> **ENTRIES SHOWN**

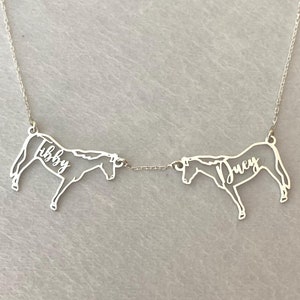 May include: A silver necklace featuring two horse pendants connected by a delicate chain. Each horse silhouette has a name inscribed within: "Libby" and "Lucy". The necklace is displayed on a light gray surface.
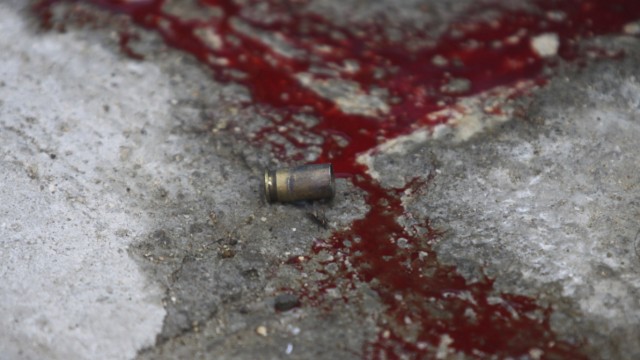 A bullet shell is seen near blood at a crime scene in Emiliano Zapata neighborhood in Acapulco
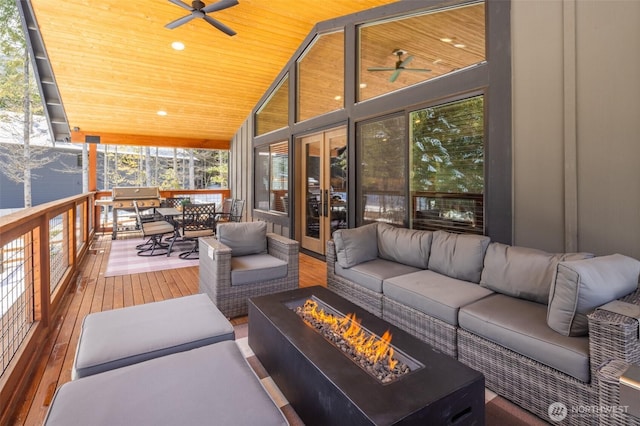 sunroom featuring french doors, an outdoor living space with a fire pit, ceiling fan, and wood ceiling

---

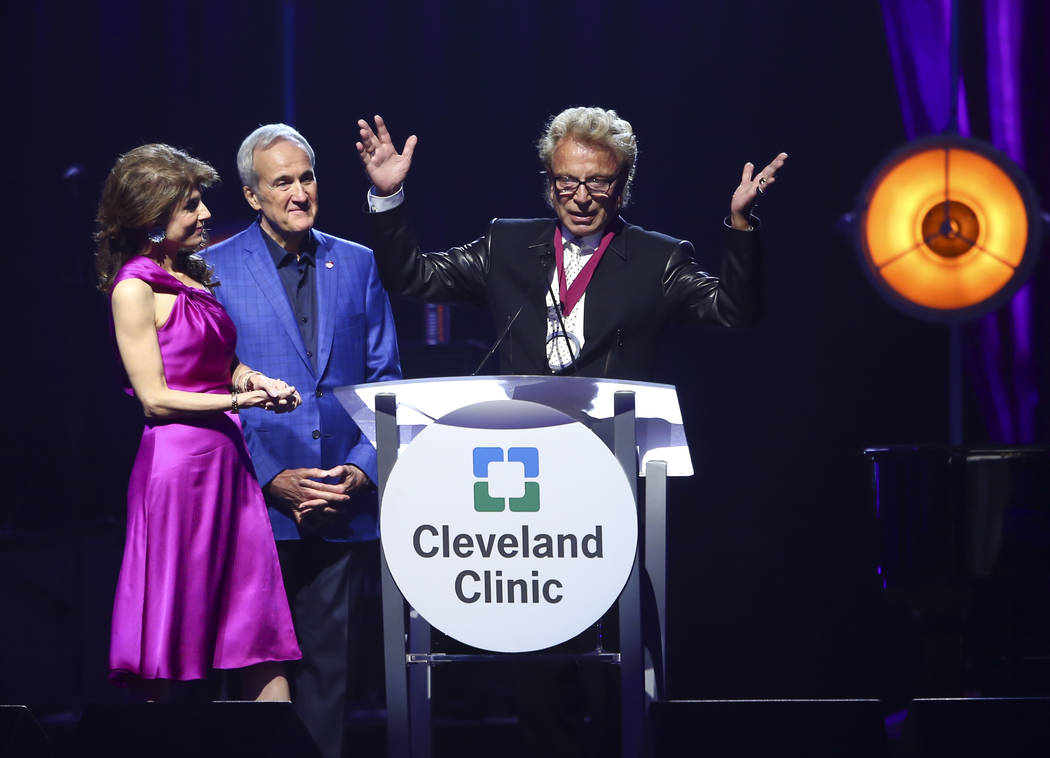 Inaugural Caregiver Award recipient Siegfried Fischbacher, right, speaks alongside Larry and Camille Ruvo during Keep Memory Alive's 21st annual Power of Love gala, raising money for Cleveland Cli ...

> **PROBLEM TO WORK ON**
Copy nothing but the lines above from the one with "May include: A" to the one with "sunroom featuring french", inclusive, word for word. Leave every picture out.

> **ANSWER AREA**
 May include: A silver necklace featuring two horse pendants connected by a delicate chain. Each horse silhouette has a name inscribed within: "Libby" and "Lucy". The necklace is displayed on a light gray surface.
 A bullet shell is seen near blood at a crime scene in Emiliano Zapata neighborhood in Acapulco
 sunroom featuring french doors, an outdoor living space with a fire pit, ceiling fan, and wood ceiling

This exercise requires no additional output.